Update: Making Wall Street Pay

Not long after I posted “Making Wall Street Pay“, in which I proposed raising the SEC fee for buying and selling stocks as a way to raise revenues and reduce market volatility, the New York Times discovered my idea and added its substantial heft to it.  Unfortunately for 99-percenters, the Obama administration (by administration I mean Treasury Secretary Timothy Geithner) doesn’t care for my idea, according to The Times:

The Obama administration has also been lukewarm, expressing sympathy but saying it would be hard to execute, could drive trading overseas and would hurt pension funds and individual investors in addition to banks.

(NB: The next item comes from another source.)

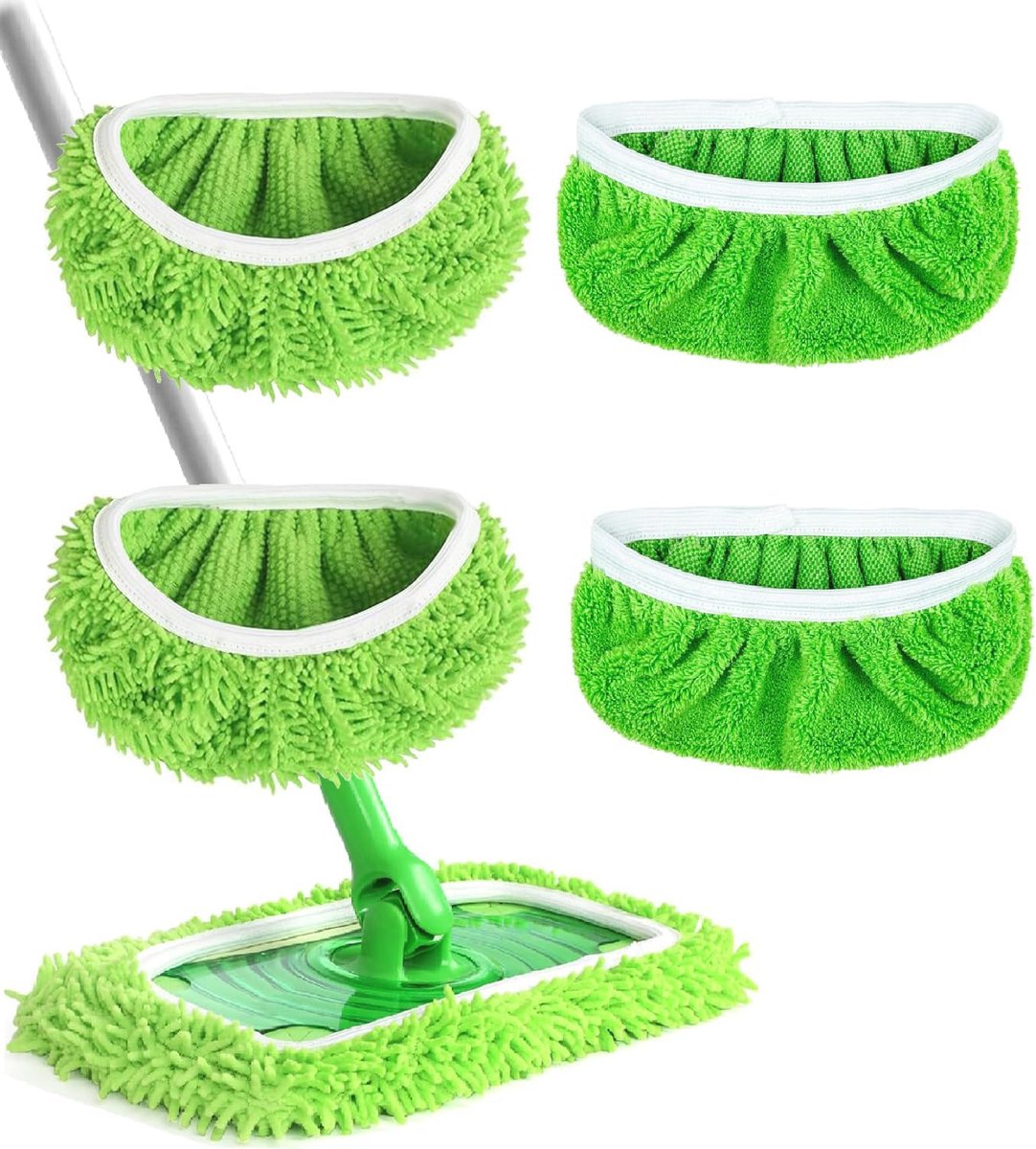 Herbruikbare Microfiber Mop Pads - 4 Stuks Wasbare Natte Pads voor Huishoudelijke Reiniging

Oh, it would hurt investors in addition to banks?  Your everyday individual investor (and here I mean investor rather than speculator) would only pay a few extra cents on a trade.  If we were really concerned about the impact of the fee on Mr. or Ms. Ordinary Investor, we could exempt small trades (under $10,000 say) from the new fee.  Clearly, the Obama administration continues to act in a fashion consistent with protecting the very institutions (and the people running them) that brought our country to the brink of economic collapse.

It’s too bad that the Occupy Movement has not (yet) become the progressive alternative to the Tea Party, instead of the rag-tag assemblage of causes and resentments it is today.  There is certainly plenty worthy of protest — no tent required, only a sense of focus.